The LLC also offers some practical advantages over a corporation.

 

ADVANTAGE 1: Contractual Freedom


As a fundamental principle, an LLC offers “freedom of contract.” This is based on a free-market philosophy, namely, business owners should be free to structure their businesses as they see fit. This is contrary to the policy behind corporations, which favors making owners fiduciaries for the actions of their companies. As a result, LLC members can transact business with anyone (as opposed to being held to a duty of loyalty under corporation law). The LLC can also provide unlimited indemnification under most state LLC laws. Thirdly, the LLC agreement can carve out specific classes of owners with no voting rights.


This contractual freedom gives business owners nearly unlimited flexibility and creativity to tailor their LLC agreements to meet their specific business goals. Although an LLC Act contains provisions for handling the LLC’s business and management activities, these are mostly default provisions (meaning the terms only apply if you don’t directly deal with such activities in your written operating agreement). Having properly drafted written operating agreement in place is critical.


The Delaware Limited Liability Act (DLLC Act), for example, expressly states: “it is the policy . . . to give the maximum effect to the principle of freedom of contract and to the enforceability of [LLC] agreements.” See DLLC Act § 18-1101(b). See also Elf Atochem North America, Inc. v. Jaffari, 727 A.2d 286 (Del. 1999) (affirmed maximum freedom of contract). Other state LLC Acts mirror this language.

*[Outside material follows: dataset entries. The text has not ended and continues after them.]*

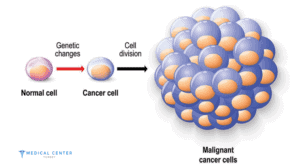early cancer detection in turkey 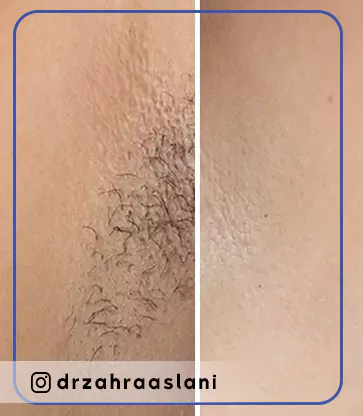 Before and after laser body hair removal-تصویر قبل و بعد از درمان لیزر دائم موهای زائد بدن در کلینیک زیبایی اصفهان دکتر اصلانی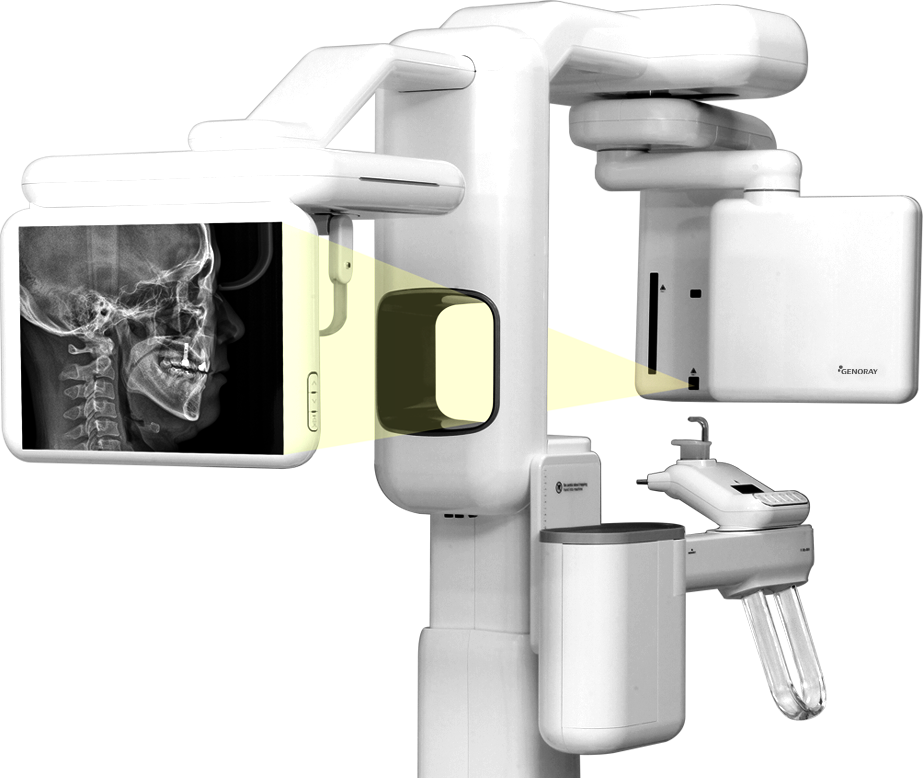 Genoray Papaya premium fogászati CBCT One Shot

It’s important to note the “maximum freedom” does not mean “absolute freedom.” All LLC Acts still contain certain mandatory provisions. Except for Illinois, an LLC must have at least one member to be a valid LLC. An LLC must also use a business name not nearly identical to other business names in the formation state’s database. Additionally, LLC agreements cannot override federal bankruptcy law. Contract law also has limits. A contract, for example, is not valid if executed based on a misrepresentation or fraud. These contract limits also apply to LLC operating agreements (except for prohibiting contract penalties, which are allowed under LLC operating agreements for specific situations, like failing to make a promised contribution).


In contrast to a corporation, an LLC offers substantial freedom in customizing your business.


ADVANTAGE 2: More Asset Protection


The LLC Act also offers business asset protections not offered by corporations, namely “pick-your-partner” and “charging order” protections. These provisions help protect business assets and membership rights from third parties.


Pick-your-Partner. As implied by the term, you cannot force an LLC owner to be in business with someone else (i.e. a creditor). An LLC owner has the right to pick her partner under the default rules of most LLC Acts. These default rules recognize the success of any business venture depends on compatibility. Accordingly, although an LLC owner can freely transfer her economic rights, she cannot transfer her management rights without the consent of all the other members. This protects the other owners. It prevents them from having to make business decisions with partners they never picked. This prohibition also extends to the courts. Thus, a court cannot order another LLC owner to transfer her management rights to a third party.


In contrast, corporation law generally permits shareholders to freely transfer shares, including management rights. This helps corporations raise large amounts of capital (such as in a public offering). Small businesses, however, typically do not need to mobilize lots of cash, making the corporate form less valuable.


Charging Order provisions. A charging order provision protects the LLC’s business assets if a creditor obtains an unsatisfied judgement against one of the owners personally. This provision limits the creditors recourse to that owner’s economic rights, without impacting the economic rights of the other owners.


ADVANTAGE 3: Less Formalities


Corporations must comply with statutory formalities. This includes adopting bylaws, electing directors and officers, issuing share certificates, holding annual shareholder meetings, taking annual shareholder actions by consent, and documenting actions by corporate minutes. Many of these formalities are mandatory. Failure to follow these formalities can lead to veil-piercing and loss of any liability and asset protection.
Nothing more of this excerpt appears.